GraphQL is gaining ground in product-centric companies with complex front-end requirements. Organisations building multi-platform consumer products (web, iOS, Android) or internal developer platforms are finding that GraphQL reduces coordination overhead between squads. That said, the operational maturity required for production GraphQL, schema registries, federated supergraphs, and query performance tooling, means smaller teams often defer to REST until they hit genuine scaling pain.
The choice is rarely binary in practice. Many organisations run both: a REST API for external partners and a GraphQL layer for internal product consumption. This is sometimes called the "BFF" (backend for frontend) pattern, and it lets teams use each tool where it genuinely excels.
A practical decision framework
Before choosing, answer these questions honestly:
- Who are the primary consumers? External developers and partners almost always prefer REST. Internal front-end squads building complex UIs benefit more from GraphQL.
- How important is HTTP caching? Public content APIs, product catalogues, and read-heavy endpoints get enormous value from edge caching. GraphQL makes this harder without extra tooling.
- How many different consumers will shape their own queries? If ten different clients need different slices of the same data, GraphQL pays off. If there are two or three fixed use cases, REST endpoints are simpler.
- What is the team's operational experience? GraphQL in production requires deliberate governance. Introducing it to a team without that experience is a hidden risk.
- Are there strict performance budgets?
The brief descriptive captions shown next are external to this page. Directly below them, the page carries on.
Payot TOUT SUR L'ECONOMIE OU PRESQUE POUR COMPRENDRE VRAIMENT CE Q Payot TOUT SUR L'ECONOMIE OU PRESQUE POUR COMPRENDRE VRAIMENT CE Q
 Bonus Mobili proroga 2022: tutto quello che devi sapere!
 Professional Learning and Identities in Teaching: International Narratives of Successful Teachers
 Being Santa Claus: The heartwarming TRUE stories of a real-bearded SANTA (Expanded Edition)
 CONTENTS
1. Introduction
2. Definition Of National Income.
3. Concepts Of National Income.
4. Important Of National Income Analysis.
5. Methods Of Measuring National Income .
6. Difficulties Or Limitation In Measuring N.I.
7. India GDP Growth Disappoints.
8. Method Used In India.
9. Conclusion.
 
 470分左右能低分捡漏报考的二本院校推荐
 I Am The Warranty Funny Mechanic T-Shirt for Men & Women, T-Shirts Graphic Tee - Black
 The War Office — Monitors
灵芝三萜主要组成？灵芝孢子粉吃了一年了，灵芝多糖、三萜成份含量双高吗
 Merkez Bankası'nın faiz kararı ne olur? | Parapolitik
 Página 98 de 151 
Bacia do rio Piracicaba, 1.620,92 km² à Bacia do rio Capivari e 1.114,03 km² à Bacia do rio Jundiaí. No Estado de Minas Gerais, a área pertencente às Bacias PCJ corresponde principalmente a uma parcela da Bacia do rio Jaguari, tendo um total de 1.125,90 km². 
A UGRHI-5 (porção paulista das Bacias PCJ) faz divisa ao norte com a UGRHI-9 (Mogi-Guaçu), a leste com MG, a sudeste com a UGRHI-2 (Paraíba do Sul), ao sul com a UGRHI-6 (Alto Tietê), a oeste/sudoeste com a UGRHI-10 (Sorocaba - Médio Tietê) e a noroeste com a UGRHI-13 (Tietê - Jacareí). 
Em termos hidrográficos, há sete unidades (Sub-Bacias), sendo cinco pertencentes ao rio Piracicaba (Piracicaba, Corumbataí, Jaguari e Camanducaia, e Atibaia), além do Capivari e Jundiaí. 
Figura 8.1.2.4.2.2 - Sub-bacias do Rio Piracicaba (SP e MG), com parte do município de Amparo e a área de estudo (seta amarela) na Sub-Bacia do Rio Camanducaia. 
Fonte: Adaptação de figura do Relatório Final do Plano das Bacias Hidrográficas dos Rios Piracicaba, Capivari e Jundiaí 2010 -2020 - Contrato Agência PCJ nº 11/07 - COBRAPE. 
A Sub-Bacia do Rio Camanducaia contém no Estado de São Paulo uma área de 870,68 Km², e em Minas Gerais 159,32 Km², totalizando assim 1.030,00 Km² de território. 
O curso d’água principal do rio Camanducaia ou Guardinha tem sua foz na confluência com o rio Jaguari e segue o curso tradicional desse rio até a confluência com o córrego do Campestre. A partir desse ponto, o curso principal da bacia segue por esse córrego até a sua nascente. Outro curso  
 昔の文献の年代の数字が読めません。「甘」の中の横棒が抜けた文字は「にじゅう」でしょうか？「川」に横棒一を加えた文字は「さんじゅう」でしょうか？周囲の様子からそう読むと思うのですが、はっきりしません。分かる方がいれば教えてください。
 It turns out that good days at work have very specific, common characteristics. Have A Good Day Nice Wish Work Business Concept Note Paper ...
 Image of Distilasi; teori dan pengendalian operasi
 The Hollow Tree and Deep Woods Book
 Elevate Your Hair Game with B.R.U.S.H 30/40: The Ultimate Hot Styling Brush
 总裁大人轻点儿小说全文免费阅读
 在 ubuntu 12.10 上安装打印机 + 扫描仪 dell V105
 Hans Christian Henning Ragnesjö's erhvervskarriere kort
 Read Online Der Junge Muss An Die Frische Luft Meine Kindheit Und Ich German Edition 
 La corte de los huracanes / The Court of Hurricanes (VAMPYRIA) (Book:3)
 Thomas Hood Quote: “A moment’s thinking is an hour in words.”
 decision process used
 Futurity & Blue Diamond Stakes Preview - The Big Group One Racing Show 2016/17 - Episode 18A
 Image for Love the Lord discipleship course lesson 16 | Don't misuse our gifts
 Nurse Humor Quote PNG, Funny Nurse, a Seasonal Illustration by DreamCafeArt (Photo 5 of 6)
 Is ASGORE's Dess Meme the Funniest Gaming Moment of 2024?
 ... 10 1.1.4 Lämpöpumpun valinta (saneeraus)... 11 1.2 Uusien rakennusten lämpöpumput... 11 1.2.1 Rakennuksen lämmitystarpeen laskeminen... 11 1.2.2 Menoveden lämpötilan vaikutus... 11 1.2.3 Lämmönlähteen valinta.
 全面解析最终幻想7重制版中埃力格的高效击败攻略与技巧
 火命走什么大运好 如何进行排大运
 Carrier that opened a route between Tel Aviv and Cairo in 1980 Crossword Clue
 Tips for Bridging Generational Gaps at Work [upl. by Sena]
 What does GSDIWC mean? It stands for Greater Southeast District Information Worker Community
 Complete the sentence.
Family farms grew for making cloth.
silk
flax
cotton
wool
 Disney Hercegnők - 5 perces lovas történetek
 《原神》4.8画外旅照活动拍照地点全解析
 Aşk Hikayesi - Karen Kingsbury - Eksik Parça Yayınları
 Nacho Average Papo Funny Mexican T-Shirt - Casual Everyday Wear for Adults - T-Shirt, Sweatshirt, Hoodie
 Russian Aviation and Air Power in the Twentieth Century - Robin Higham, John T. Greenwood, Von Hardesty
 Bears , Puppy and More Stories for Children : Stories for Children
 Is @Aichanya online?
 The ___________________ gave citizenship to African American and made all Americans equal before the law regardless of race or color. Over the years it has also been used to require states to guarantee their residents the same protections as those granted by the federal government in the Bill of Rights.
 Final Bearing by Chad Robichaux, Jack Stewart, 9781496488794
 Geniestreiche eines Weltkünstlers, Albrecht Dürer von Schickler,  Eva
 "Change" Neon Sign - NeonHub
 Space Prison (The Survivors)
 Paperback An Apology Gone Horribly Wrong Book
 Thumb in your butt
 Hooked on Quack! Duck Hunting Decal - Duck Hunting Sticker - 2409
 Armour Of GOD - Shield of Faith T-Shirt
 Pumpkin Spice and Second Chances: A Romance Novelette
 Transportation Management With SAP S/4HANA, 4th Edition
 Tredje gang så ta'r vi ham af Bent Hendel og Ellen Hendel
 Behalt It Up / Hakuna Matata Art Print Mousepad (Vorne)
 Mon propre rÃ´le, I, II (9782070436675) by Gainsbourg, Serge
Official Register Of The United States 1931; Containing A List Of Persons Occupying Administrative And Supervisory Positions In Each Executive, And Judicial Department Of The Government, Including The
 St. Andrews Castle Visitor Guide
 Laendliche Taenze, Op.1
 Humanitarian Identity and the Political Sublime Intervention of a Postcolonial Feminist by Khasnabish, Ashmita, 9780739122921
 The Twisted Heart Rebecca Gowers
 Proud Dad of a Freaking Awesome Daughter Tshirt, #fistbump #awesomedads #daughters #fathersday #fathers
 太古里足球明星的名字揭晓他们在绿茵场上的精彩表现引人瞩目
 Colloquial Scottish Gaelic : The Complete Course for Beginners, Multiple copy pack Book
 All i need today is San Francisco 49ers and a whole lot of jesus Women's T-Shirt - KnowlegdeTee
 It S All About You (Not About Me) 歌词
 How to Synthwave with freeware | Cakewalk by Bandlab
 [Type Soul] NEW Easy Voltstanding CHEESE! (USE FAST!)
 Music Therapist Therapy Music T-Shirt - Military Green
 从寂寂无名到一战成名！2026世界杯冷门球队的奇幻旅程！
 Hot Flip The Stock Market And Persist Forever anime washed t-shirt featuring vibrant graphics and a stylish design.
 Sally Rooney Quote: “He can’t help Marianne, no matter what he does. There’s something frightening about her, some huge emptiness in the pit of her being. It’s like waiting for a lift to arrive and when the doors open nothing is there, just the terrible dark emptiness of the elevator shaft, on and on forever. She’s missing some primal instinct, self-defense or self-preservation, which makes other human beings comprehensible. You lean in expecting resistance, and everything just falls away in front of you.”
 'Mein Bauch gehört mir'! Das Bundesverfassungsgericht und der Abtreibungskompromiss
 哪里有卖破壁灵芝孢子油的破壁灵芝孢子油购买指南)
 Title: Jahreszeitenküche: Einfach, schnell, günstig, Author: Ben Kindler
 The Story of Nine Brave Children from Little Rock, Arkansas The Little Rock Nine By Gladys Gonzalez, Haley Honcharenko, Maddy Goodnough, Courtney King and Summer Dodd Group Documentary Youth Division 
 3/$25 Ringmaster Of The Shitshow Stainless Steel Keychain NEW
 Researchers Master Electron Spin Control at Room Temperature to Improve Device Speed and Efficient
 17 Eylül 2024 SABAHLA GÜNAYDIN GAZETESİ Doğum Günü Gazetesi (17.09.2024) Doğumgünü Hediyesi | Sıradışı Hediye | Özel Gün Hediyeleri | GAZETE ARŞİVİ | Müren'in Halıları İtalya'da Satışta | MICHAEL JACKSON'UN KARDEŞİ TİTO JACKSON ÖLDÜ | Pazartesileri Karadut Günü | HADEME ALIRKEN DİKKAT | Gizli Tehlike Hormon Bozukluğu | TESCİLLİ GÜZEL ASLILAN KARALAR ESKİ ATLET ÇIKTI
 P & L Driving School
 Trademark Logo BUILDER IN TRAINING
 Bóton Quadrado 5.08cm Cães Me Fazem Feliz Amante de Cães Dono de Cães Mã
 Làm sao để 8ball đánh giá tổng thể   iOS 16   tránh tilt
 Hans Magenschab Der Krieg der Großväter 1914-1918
Mobile apps on constrained networks benefit from GraphQL's reduced payload sizes. Server-to-server internal APIs where latency is less sensitive may not.
If you are building anything that touches AI-assisted features or integrates with a larger data platform, it is also worth reading about what Australian enterprise teams are actually doing with generative AI, since the data-fetching patterns for LLM-backed features often tip the scales toward GraphQL's flexible query model.
Tooling and ecosystem in 2026
The tooling ecosystem for both approaches is mature. REST is well served by OpenAPI 3.x, Swagger UI, Postman, and a generation of API gateways including Kong, AWS API Gateway, and Azure API Management. GraphQL's ecosystem centres on Apollo (Server and Client), Strawberry for Python, Hot Chocolate for .NET, and Hasura for data-layer auto-generation. The recently released GraphQL 2025 spec brought incremental delivery improvements and better handling of deferred fragments, which has reduced some of the latency arguments that used to favour REST on slow connections.
For teams evaluating the language angle alongside the API design question, the Python vs JavaScript comparison is worth reading, since your language choice will influence which GraphQL or REST libraries feel native to your stack.
Neither REST nor GraphQL is the universally correct answer. The teams that make the best choice are the ones who understand their specific consumer needs, their caching requirements, and their team's operational capacity before committing to a direction. Start with REST if you are unsure; it is easier to layer GraphQL on top later than to retrofit REST discipline onto a sprawling schema.